Known As Indiabull Housing Finance … vs Jagannath Heights Pvt Ltd on 9 March, 2026

Author: Debangsu Basak

Bench: Debangsu Basak

                                                                    2026:CHC-OS:74-DB



OC-9
                     IN THE HIGH COURT AT CALCUTTA
                         CIVIL APPELLATE DIVISION
                           COMMERCIAL DIVISION
                               ORIGINAL SIDE


                             APOT/27/2026
                         IA NO: GA-COM/1/2026

            M/S SAMMAN CAPITAL LIMITED (FORMERLY
          KNOWN AS INDIABULL HOUSING FINANCE LIMITED)
                              VS
                 JAGANNATH HEIGHTS PVT LTD

BEFORE:
The Hon'ble JUSTICE DEBANGSU BASAK
                -AND-
The Hon'ble JUSTICE MD. SHABBAR RASHIDI



For the Appellants       :       Mr. Avishek Guha, Adv.
                                 Mr. Shounak Mukhopadhyay, Adv.
                                 Mr. Sourajit Dasgupta, Adv.
                                 Ms. Sonal Agarwal, Adv.
                                 Mr. Ankush Majumdar, Adv.


For the Respondents          :   Mr. Abhrajit Mitra, Sr. Adv.

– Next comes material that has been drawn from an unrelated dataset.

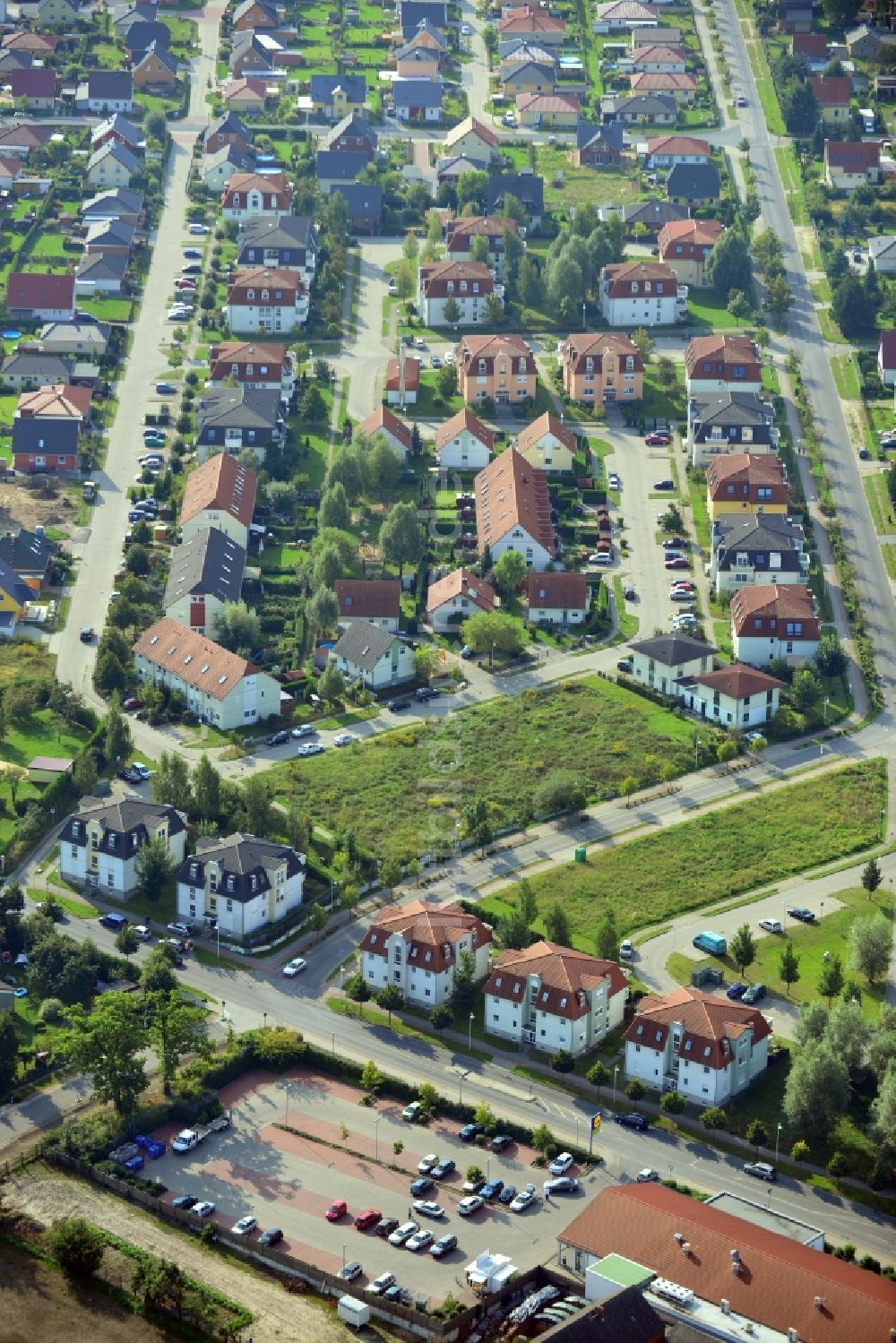 Luftbild Zepernick Gemeimnde Panketal - Wohnanlage / Wohngebiet Am Mühlenberg in Zepernick im Bundesland Brandenburg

Mr. Satadeep Bhattacharyya, Adv.

Mr. Samriddha Sen, Adv.

Mr. A. Kr. Roy, Adv.

Mr. Surajit Biswas, Adv.

Mr. Arijeet Bera, Adv.

HEARD ON                 :       09.03.2026
DELIVERED ON             :       09.03.2026
                                     2
                                                                               2026:CHC-OS:74-DB

DEBANGSU BASAK, J.:-

1. Appeal is at the behest of the defendant in a suit for damages and

directed against the judgment and order dated January 9, 2026

passed in GA-COM/2/2025 in CS-COM/801/2024.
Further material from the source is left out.